* TASK OBJECTIVE
An exact copy is needed of the lines in the entries below from the line with "Used 2021 Lexus" up to and including the line with "Used BAIC Rubik", and of nothing else. Leave the pictures out.

* STORED DATA
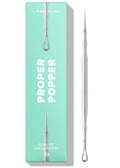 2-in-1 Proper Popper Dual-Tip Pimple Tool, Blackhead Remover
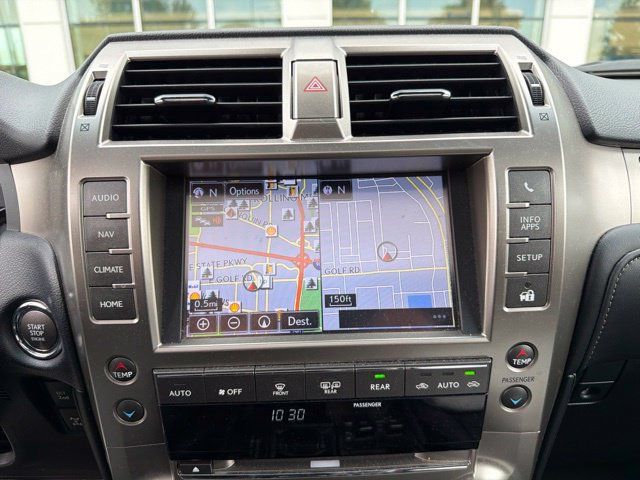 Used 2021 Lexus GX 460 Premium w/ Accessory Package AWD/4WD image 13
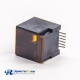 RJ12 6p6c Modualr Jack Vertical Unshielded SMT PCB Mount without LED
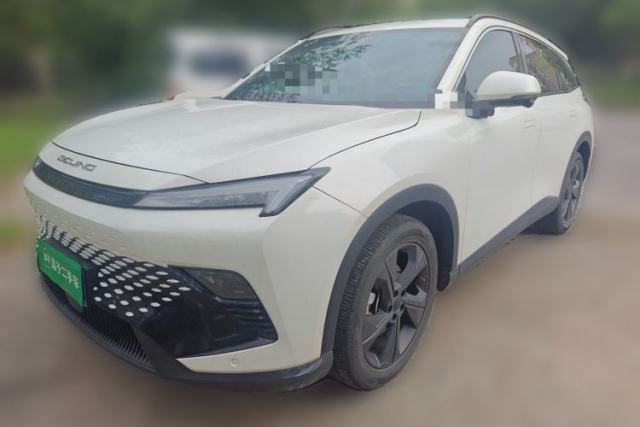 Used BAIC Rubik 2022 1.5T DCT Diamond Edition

--

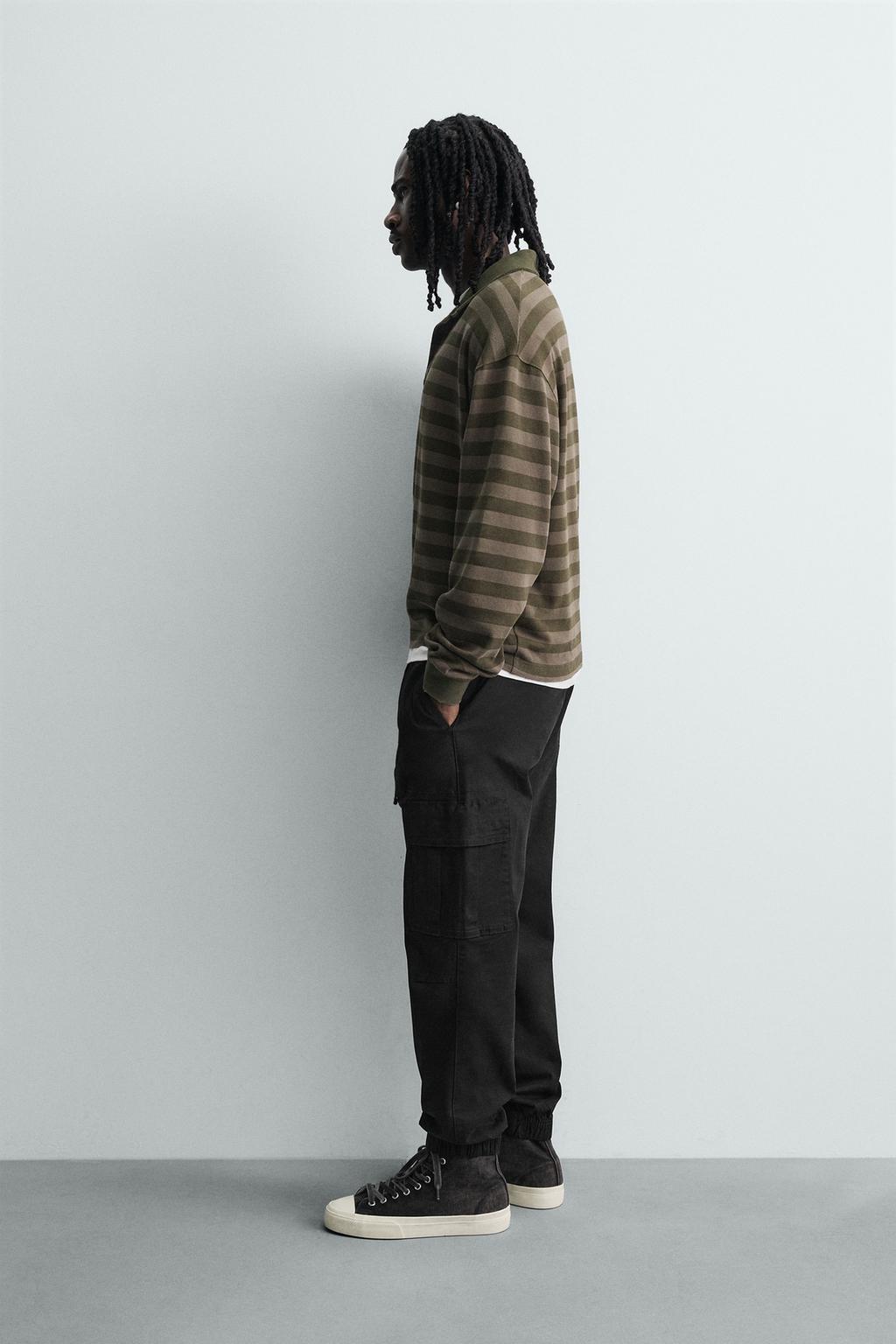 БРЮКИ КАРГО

* WRITTEN RESPONSE
 Used 2021 Lexus GX 460 Premium w/ Accessory Package AWD/4WD image 13
 RJ12 6p6c Modualr Jack Vertical Unshielded SMT PCB Mount without LED
 Used BAIC Rubik 2022 1.5T DCT Diamond Edition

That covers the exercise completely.